Two rare and beautiful illustrated manuscripts covering many aspects of courtly life and epic deeds – one with 110 exquisite images and one with 65.

The first, The Book of Kings, is estimated at £40,000 to £60,000 sold for £110,500, and the second, The Book of Akbar, is estimated to sell for £30,000 to £50,000 made £100,900.

The Book of Kings, the great Persian epic poem by Firdausi, originally composed in the 11th Century, is lavishly illustrated with one hundred and ten miniatures, copied by the scribe Nizam-ad-Din, formerly in the library of the last Nawab of Bengal, North India, probably Kashmir, dated 3rd Jumada al-Thani AH 1244/ 11th November AD 1828.

Faridun Jah was the last Nawab of Bengal. He was born at Murshidabad in 1830 and succeeded to the throne on the death of his father in October 1838. The East India Company reduced his honours from a 19-gun to a 13-gun salute for his alleged complicity in the murder of two servants in 1854. Following a long period of financial embarrassment, he was forced to renounce all his rights in return for the liquidation of his debts and a generous annual pension of £10,000. He left for England in 1869, living in Maidenhead, and remained there until his return to India in 1881, though not before abdicating in favour of his eldest son in 1880. He died of cholera at Murshidabad in 1884

The second illustrated manuscript, the Book of Akbar, (Books I, II and III) is lavishly illustrated with sixty-five miniatures. It is almost certain that it comes from the collection of Nathaniel Middleton (1750-1807), East India Company Resident at Lucknow, 1776-1782. Created in North India, probably Murshidabad, late 18th Century, the Persian manuscript on cream-coloured paper, features 508 leaves.

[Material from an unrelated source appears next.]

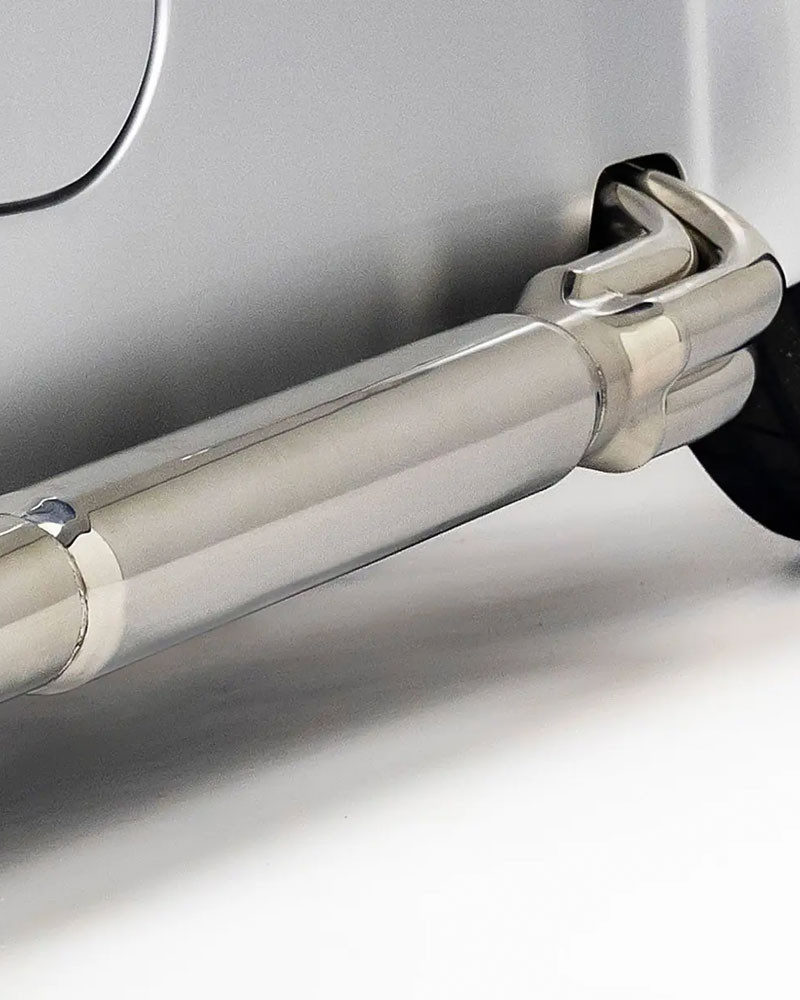Polished Stainless Steel Side Exhaust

Middleton arrived in India shortly before 1769 and, after service at Cossimbazar and Murshidabad, was appointed in 1773 by the Governor-General, Warren Hastings, as his representative at the court of Shuja-ud-Daulah, Nawab of Oudh. Asaf-ud-Daula had succeeded to the throne in 1775: in 1777 Middleton, now Resident, persuaded him to accept Hastings' plan to make over the Nawab's troops to Company service, thus in effect allowing the British occupation of Oudh.

Bonhams Islamic and Indian art sales include a wide range of traditional Islamic art, early pottery and metalwork, Arabic and Persian manuscripts, Ottoman and Turkish art, Safavid and Qajar art, Mogul and other Indian works of art, Modern and Contemporary South Asian art and Modern and Contemporary Middle Eastern art.